Reviving Retail

Ged Scheuber, COO & Head of Product


The way we shop is changing. Just a few years ago, same-day delivery seemed like an impossible feat — but these days it’s not only possible but you can even receive popcorn in 13 minutes… if you live near an Amazon distribution centre and have a large garden. Who knows what the face of retail might look like in a decade — but, right now, retailers need to juggle meeting the expectations of shoppers who enjoy the flexibility of online shopping, but still love the experience of a physical store.

Retailers are battling for survival. Online shopping technology has evolved rapidly over the past decade, and consumers now expect outstanding levels of simplicity and choice. In a world where companies like Your Fitting Room will deliver clothes to your door and wait while you try them on, why bother battling the crowds and the queues on the high street? To try to bring innovation to the in-store experience, retailers are rightly experimenting with ‘Stores of the Future’ that merge the physical and digital worlds, using smart payment methods to eradicate queues, or Wi-Fi technology that can customise the shopping experience.
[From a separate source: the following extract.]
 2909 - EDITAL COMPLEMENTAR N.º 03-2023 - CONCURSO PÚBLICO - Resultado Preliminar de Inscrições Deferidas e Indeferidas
With all this innovation on the shop floor, however, it’s surprising to see some processes and operations in retail remain shockingly outdated. Plenty of retailers still schedule staff with a piece of paper stuck on the wall, even if a real-time stream of footfall data, weather data, sales data and employee availability could be made easily available to the manager in a few clicks. If customers do venture out to the shops instead of purchasing online, they do it because they want the seamless customer experience, convenience and personal attention they don’t get from a website. That means that managers getting the right team in the right locations to give amazing customer service (especially during the busiest periods) is critical.

Retailers cannot afford to struggle with day to day inefficiencies if they want to compete with the power of online shopping. Staff are valuable, but they’re also expensive and not scheduling them effectively translates into lost sales, poor productivity and dissatisfied employees. To future-proof their business, retailers more than ever need to deploy data-driven technologies that empower businesses to accurately predict and meet demand on the shop floor.

The bricks-and-mortar experience is definitely not dead. It may no longer be the primary way shoppers make their purchases, but shoppers will likely remain loyal to retailers who perfect the in-store experience.

The way to do this is to make sure the groundwork is done internally. Looking after in-store teams and making their jobs easier through automation of day-to-day processes like scheduling and payroll is a vital first step. In 2017 processes that once required manual input can be better handled by smart technology and algorithms that can produce significantly quicker and more accurate results. This leaves managers free to focus on the bigger picture, such as maximising the in-store experience.

In-store processes and operations have the potential to be as innovative, flexible and simple as online shopping — it’s about more than just digitising a manual task — it’s about leveraging new technologies like data science, machine learning and AI that were not available a decade ago. As much as online shopping pushes the boundaries of innovation, there’s another battle raging in retail — for who can create the best in-store experience. And that will be fought behind the scenes, in the very foundations of how businesses are run.